StandardFrequentistDiscovery

This is a standard demo that can be used with any ROOT file prepared in the standard way. You specify:

  • name for input ROOT file
  • name of workspace inside ROOT file that holds model and data
  • name of ModelConfig that specifies details for calculator tools
  • name of dataset

    With default parameters the macro will attempt to run the standard hist2workspace example and read the ROOT file that it produces.
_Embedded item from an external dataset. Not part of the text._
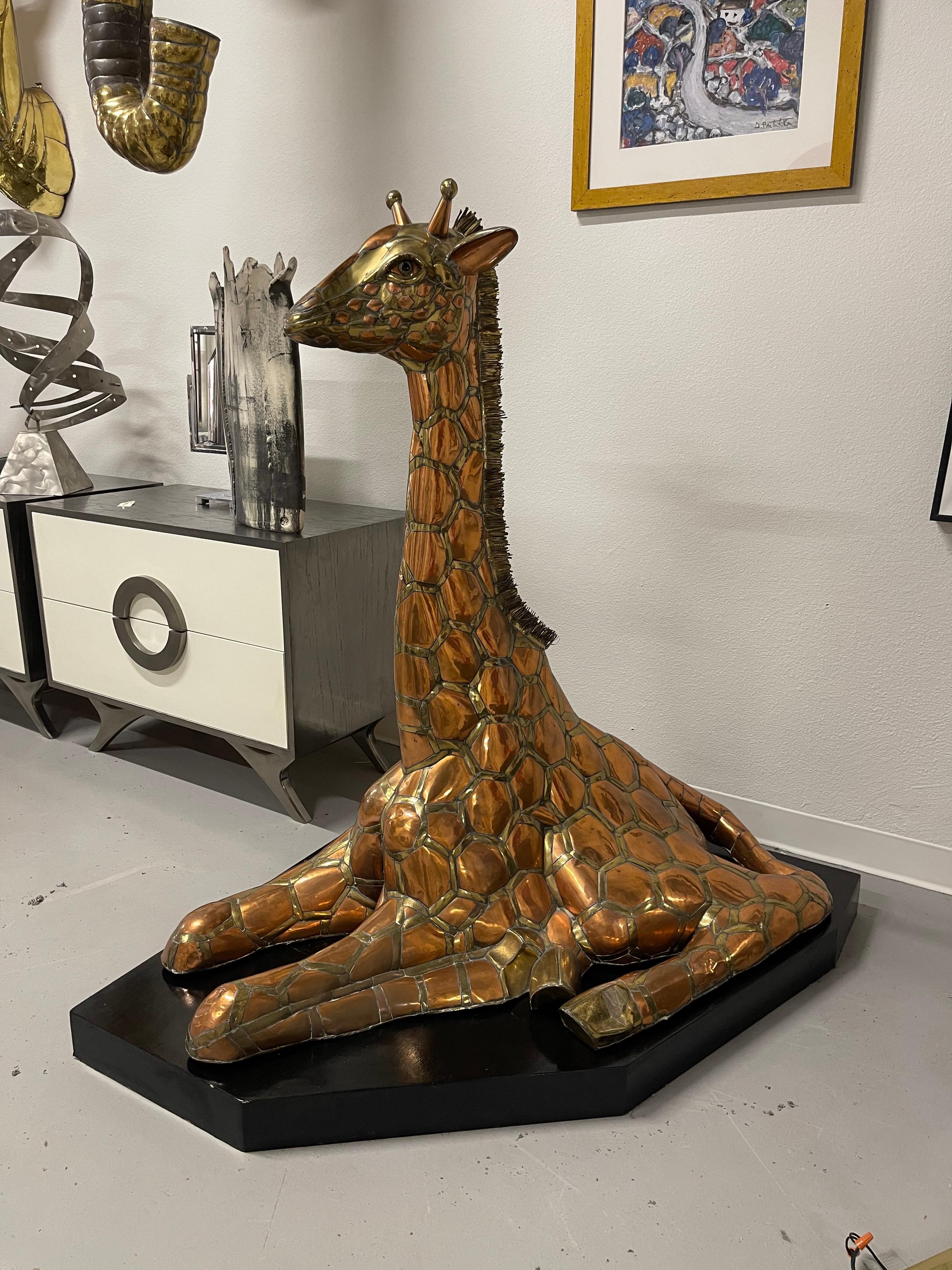 1981 Brass Copper Sergio Bustamante Life Size Giraffe 1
Author: Sven Kreiss, Kyle Cranmer
This notebook tutorial was automatically generated with ROOTBOOK-izer from the macro found in the ROOT repository on Tuesday, May 26, 2020 at 05:53 AM.

In [1]:
%%cpp -d
#include "TFile.h"
#include "TROOT.h"
#include "TH1F.h"
#include "TF1.h"
#include "TCanvas.h"
#include "TStopwatch.h"

#include "RooWorkspace.h"
#include "RooAbsData.h"
#include "RooRandom.h"
#include "RooRealSumPdf.h"
#include "RooNumIntConfig.h"

#include "RooStats/ModelConfig.h"
#include "RooStats/ToyMCImportanceSampler.h"
#include "RooStats/HypoTestResult.h"
#include "RooStats/HypoTestPlot.h"
#include "RooStats/SamplingDistribution.h"
#include "RooStats/ProfileLikelihoodTestStat.h"
#include "RooStats/SimpleLikelihoodRatioTestStat.h"
#include "RooStats/ProfileLikelihoodCalculator.h"
#include "RooStats/LikelihoodInterval.h"
#include "RooStats/LikelihoodIntervalPlot.h"
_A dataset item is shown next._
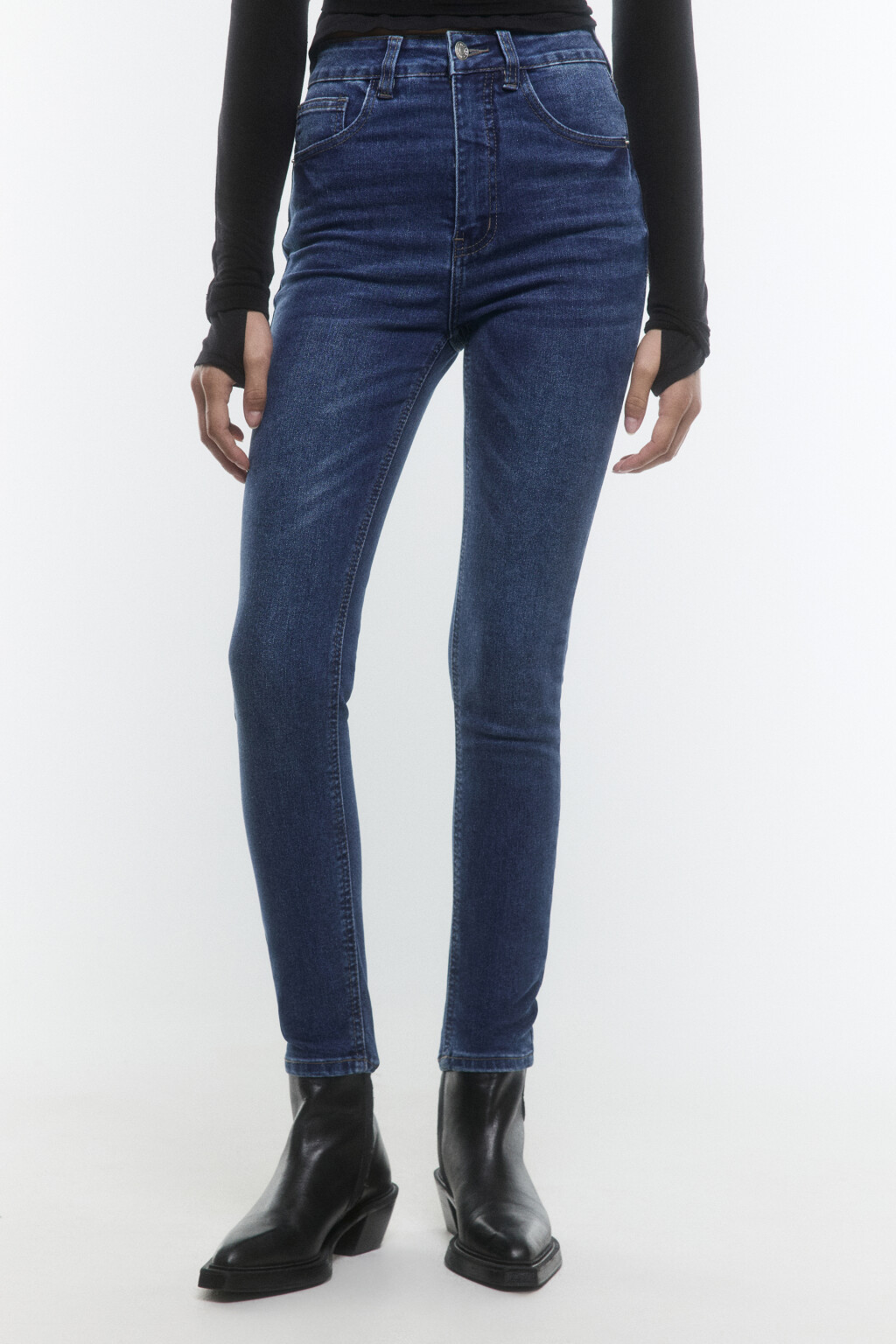 Джинсы skinny fit с высокой посадкой - цвет голубой - 3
#include "RooStats/FrequentistCalculator.h"
#include "TSystem.h"

#include <vector>
In [2]:
%%cpp -d
// This is a workaround to make sure the namespace is used inside functions
using namespace RooFit;
using namespace RooStats;

Arguments are defined.

In [3]:
const char *infile = "";
const char *workspaceName = "channel1";
const char *modelConfigNameSB = "ModelConfig";
const char *dataName = "obsData";
int toys = 1000;
double poiValueForBackground = 0.0;
double poiValueForSignal = 1.0;

The workspace contains the model for s+b. the b model is "autogenerated" by copying s+b and setting the one parameter of interest to zero. To keep the script simple, multiple parameters of interest or different functional forms of the b model are not supported.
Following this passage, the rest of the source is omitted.